By Alex Beam From Vanity Fair

Let’s get the formalities out of the way first, shall we?
We’ll start with the obvious question: Who am I and why am I writing a blog about squash?
I am Alex Beam, a columnist for the Boston Globe. I have been playing squash, to no great effect, albeit with great enthusiasm, for about 40 years. Per the old rankings, I am a C-level player. That’s a 3.5 on U.S. Squash’s new scale: “Understands the general principles of depth, uses all four corners of the court as part of shot selection, has a fair volley and can execute a boast and a drop shot, has good physical fitness and ability to play hard matches two days in a row, forehand and backhand are hit with varying speeds in varying direction.”
Well, sort of.
I would still be a D player if I hadn’t taken a whole year to tune up my squash game at Stanford during the 1996–1997 academic year. (I nominally held a John S. Knight Journalism fellowship.) Since I left, Stanford has built the country’s only scholarship-granting NCAA squash team, led by legendary coach Mark Talbott. But I digress.

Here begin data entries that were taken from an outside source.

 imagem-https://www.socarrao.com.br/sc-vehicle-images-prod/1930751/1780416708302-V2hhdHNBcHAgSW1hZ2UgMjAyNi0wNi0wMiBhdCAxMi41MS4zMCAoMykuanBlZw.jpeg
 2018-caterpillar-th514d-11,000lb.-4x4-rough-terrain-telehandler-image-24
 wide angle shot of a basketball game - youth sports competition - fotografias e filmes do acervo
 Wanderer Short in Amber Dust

My bona fides, I: On the evening of February 3, 2005 at Harvard’s Barnaby Courts, I approached dandy-at-large/gifted writer/squash aficionado Tom Wolfe, and thrust out my hand.

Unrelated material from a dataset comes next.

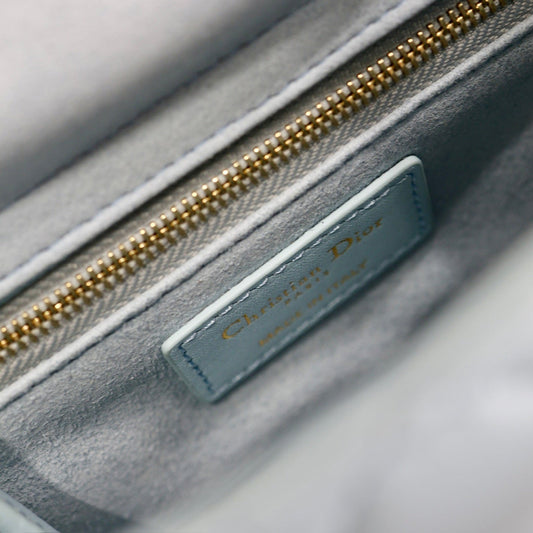 СУМКА MINI LADY BAG 17 З стьобаної ШКІРИ ТЕЛЯТИ MACROCANNAGE БЛАКИТНОГО КОЛЬОРУ З ЗЕЛЕНИМ РЕМЕНЕМ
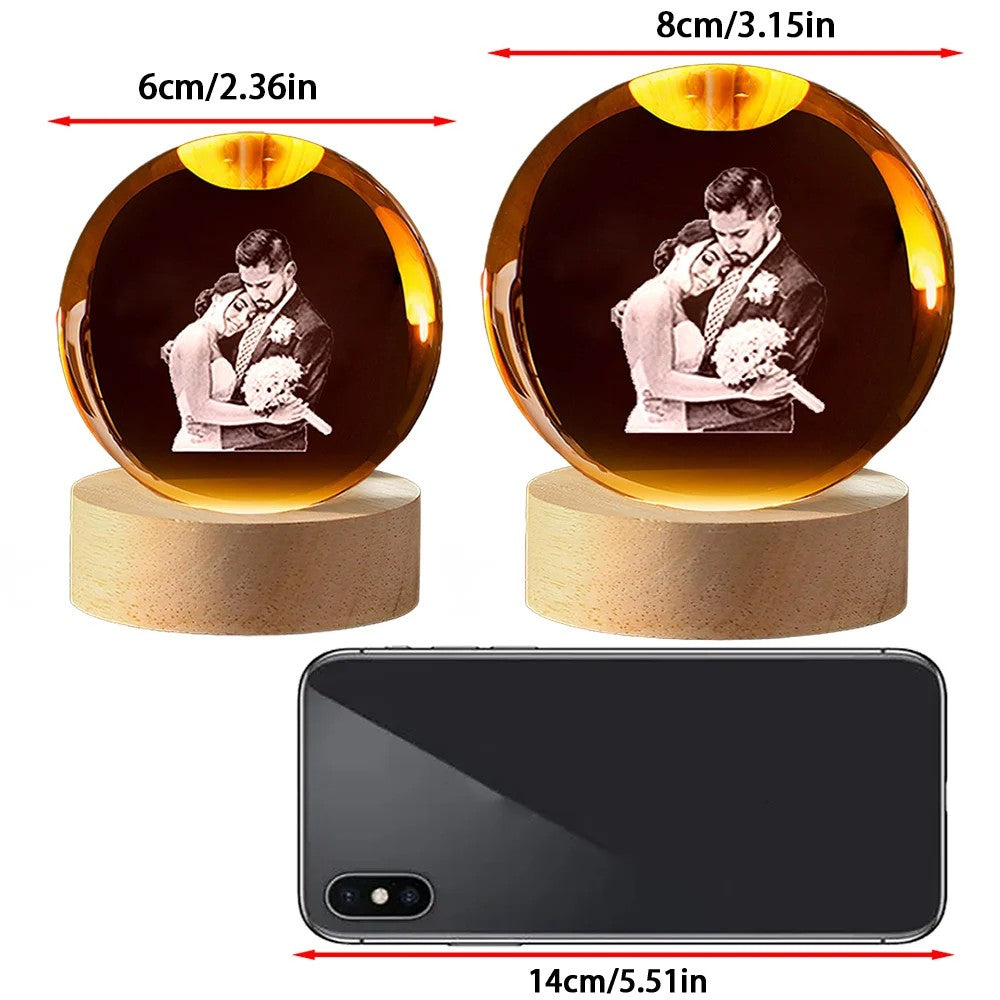 Sizes: 6 cm and 8 cm globes next to a phone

“How do you do,” I said. “I am Alex Beam, the Boston Globe’s squash writer.”
“Ah, yes,” the Caped One replied. “I know your work.”
There were motes of truth in both statements.
I had just written a column about the venerable squash rivalry between Harvard and Trinity College, Hartford. (Snobs have to toss in the “Hartford,” lest the Bantams be confused with the Trinity Colleges in Dublin or Oxford). Wolfe’s son Tommy was playing for Trinity at the time, and Wolfe, pere, had read my piece. That turned out to be a Squash Night To Remember. Trinity extended its winning streak over Harvard, and the police had to be summoned to evict a too-ardent Trinity booster.
My bona fides, II: In January, I drove down to Trinity to watch them play Princeton. The word had spread on the squash tom-toms: Princeton was going to end Trinity’s astonishing 176 game-long win streak, the longest in the NCAA Division I. I have no idea how I ended up at that match, as I hardly read any squash journalism. I was drawn to those courts like the people traveling to the huge mound of dirt in the Wyoming desert in “Close Encounters of the Third Kind.”
When I arrived at the Ferris Athletic Center, to paraphrase Brigham Young, I knew This Was the Place. BMW’s with New York license plates jammed the parking lot; the Squash People were here. Once inside, I immediately sought out Jim Zug, the nation’s No. 1 squash journalist and all-around decent fellow. (You will be reading that name again.) But Zug was occupied: the Sports Illustrated reporter had bearded him first! S.I. at a squash match? Holey moley! Jim told me National Public Radio had sent a reporter, too. So I made a quick mental calculation: That evening, I was the fourth most important squash writer in America. Definitely a cause for celebration, or … concern.
The whole event was a bust, by the way. The dog never barked, the Princeton tiger never roared. Trinity won 6-3, and has since roped out its winning streak to 183, still the longest in the land.